Model

Samsung QN85QN90DAF

Rank #169 means 168 of the 172 television models we track cost less to run each year; the 2nd efficiency percentile means it uses less energy for its size than 2% of those models.

Televisions
$72/yr
Estimated running cost
Our read

What does the Samsung QN85QN90DAF cost to run per year?

Do the math and the Samsung QN85QN90DAF's $72/yr puts it at rank #169 of 172, in the bottom five percent on cost for its class. Adjusted for size, it is only more efficient than 2% of television models we track, among the lowest size-adjusted results we track for the class. At 181.05 W in on-mode, its power draw is a direct input into that running-cost figure.

Immediately around it on the leaderboard, the Lg OLED83C5P** at $70/yr runs a little cheaper and the Samsung QN83S95FAE at $74/yr runs a little more, a sense of how tightly models are packed at this point in the ranking. A television typically stays in service for somewhere around 7 years; over that span, the Samsung QN85QN90DAF's $72/yr adds up to roughly $504 in electricity alone, before purchase price or repairs.

$6.03per month #169of 172 on cost 2ndefficiency percentile

By the numbers

The Samsung QN85QN90DAF normalized against its whole class, so each figure means something.

Normalized against class0 · 50 · 100%
Annual energy390 kWh
On-mode power181.05 W
Size-adjusted efficiency2nd percentile
+$37
More expensive to run every year than the television class median at $35/yr. That is $370 more over a 10 year life.
Televisions
$72
Per year
Samsung QN85QN90DAFRank #169 of 172 in class

What it costs you over time

Running cost is an every-year number, so it compounds. At $72/yr, here is what the Samsung QN85QN90DAF adds up to before purchase price, water, or repairs enter the math.

1 year$72
5 years$360
10 years$720

Left running for a decade at today's US average rate, the Samsung QN85QN90DAF costs about $720. That is roughly $370 more than the class median, which would run closer to $350 over the same ten years.

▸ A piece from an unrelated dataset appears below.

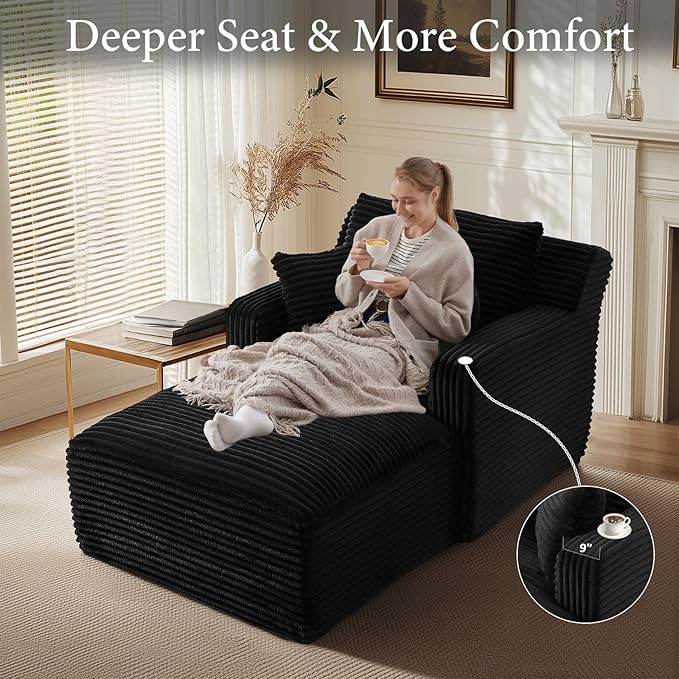 VEPXXP 65.4" Chaise Lounge Chair Indoor, Oversized Boneless Chaise Lounge Comfy Sleeper Sofa Bed with 3 Pillows, Corduroy Cloud Reading Chair for Living Room No Assembly Required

How the Samsung QN85QN90DAF compares

The television class we track runs from $3 to $117 a year. At $72/yr, it runs about $37 a year above the class median of $35, and it is about $69 a year more than the cheapest television to run at $3.

Cheapest in class$3
Class median$35
This televisionThis model$72
Priciest in class$117

What drives its running cost

At 84.6 in, the Samsung QN85QN90DAF is a large television for its class, which spans 13.23 to 114.4 in with a median of 55 in, size is usually the single biggest lever behind a running-cost figure, and at this end of the range there is more capacity to service, which tends to push the number up. At 181.05 W on-mode (the class spans 9.3 to 343.5 W), its power draw is what ENERGY STAR actually measured to produce this running-cost figure; brightness settings move that wattage more than screen size alone.

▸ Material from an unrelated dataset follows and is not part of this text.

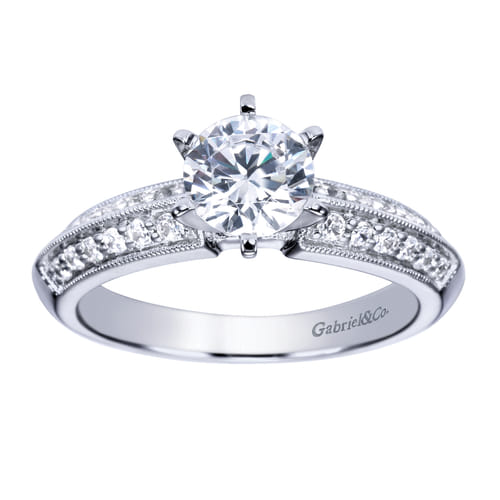 14K White Gold Round Diamond Engagement Ring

  • On-mode brightness. The picture mode you leave a TV on, vivid or eco, moves its real-world wattage more than almost anything else you control directly.
  • Screen size. A bigger panel needs more backlight or more emissive pixels to reach the same brightness, so energy use climbs with diagonal screen size across most panel technologies.
  • Hours of use. ENERGY STAR's on-mode wattage figure assumes a standard number of hours per day; a TV left on longer than that, or used as ambient background noise, accumulates more of that hourly cost.

Common questions

Is the Samsung QN85QN90DAF cheap to run?

Not especially. At $72 a year it ranks #169 of 172 television models we track, in the pricier part of its class to run, though its size and features may still justify that for your needs.

How much does the Samsung QN85QN90DAF cost per month?

Roughly $6.03/mo, spreading the $72/yr estimate evenly across twelve months at $0.1856/kWh. Actual monthly bills swing with your rate and usage pattern.

How is this running-cost figure calculated?

We take the model's published annual energy use of 390 kWh from ENERGY STAR and multiply it by the US average residential electricity rate of $0.1856/kWh, giving about $72 a year. It is an electricity-only estimate and does not include purchase price, water, or installation.

How efficient is the Samsung QN85QN90DAF for its size?

2nd percentile once size is factored in. That means its size-adjusted efficiency is not the main reason for the running-cost figure above; its capacity plays a large role too.

Source

Source: ENERGY STAR Product Finder · model ID ES_1023593_QN85QN90DAF_121720230809791_6225934View certified television listingsENERGY STAR data as of July 2026

Samsung and QN85QN90DAF are used here for identification only and are not endorsements. Figures are computed by WattWise Labs from public ENERGY STAR data, not measured in our own lab.